_Exercise prompt_. When you reach the line that contains "Black Perfect Posture" in the entries below, begin returning lines exactly as written and continue through the last one.

_Supplied records_.
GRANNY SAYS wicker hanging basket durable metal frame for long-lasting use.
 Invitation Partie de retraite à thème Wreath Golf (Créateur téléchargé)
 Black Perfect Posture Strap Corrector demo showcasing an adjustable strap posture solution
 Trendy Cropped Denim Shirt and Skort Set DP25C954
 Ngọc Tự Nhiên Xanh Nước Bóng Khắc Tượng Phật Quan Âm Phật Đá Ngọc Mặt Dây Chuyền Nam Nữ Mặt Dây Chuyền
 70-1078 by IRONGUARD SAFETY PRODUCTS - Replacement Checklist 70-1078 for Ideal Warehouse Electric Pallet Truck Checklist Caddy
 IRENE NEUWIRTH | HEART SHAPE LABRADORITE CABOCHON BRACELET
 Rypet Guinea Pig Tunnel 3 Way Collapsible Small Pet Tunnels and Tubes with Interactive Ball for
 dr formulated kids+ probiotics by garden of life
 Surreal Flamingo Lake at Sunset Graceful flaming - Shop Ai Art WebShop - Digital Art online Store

_Expected answer_.
 Black Perfect Posture Strap Corrector demo showcasing an adjustable strap posture solution
 Trendy Cropped Denim Shirt and Skort Set DP25C954
 Ngọc Tự Nhiên Xanh Nước Bóng Khắc Tượng Phật Quan Âm Phật Đá Ngọc Mặt Dây Chuyền Nam Nữ Mặt Dây Chuyền
 70-1078 by IRONGUARD SAFETY PRODUCTS - Replacement Checklist 70-1078 for Ideal Warehouse Electric Pallet Truck Checklist Caddy
 IRENE NEUWIRTH | HEART SHAPE LABRADORITE CABOCHON BRACELET
 Rypet Guinea Pig Tunnel 3 Way Collapsible Small Pet Tunnels and Tubes with Interactive Ball for
 dr formulated kids+ probiotics by garden of life
 Surreal Flamingo Lake at Sunset Graceful flaming - Shop Ai Art WebShop - Digital Art online Store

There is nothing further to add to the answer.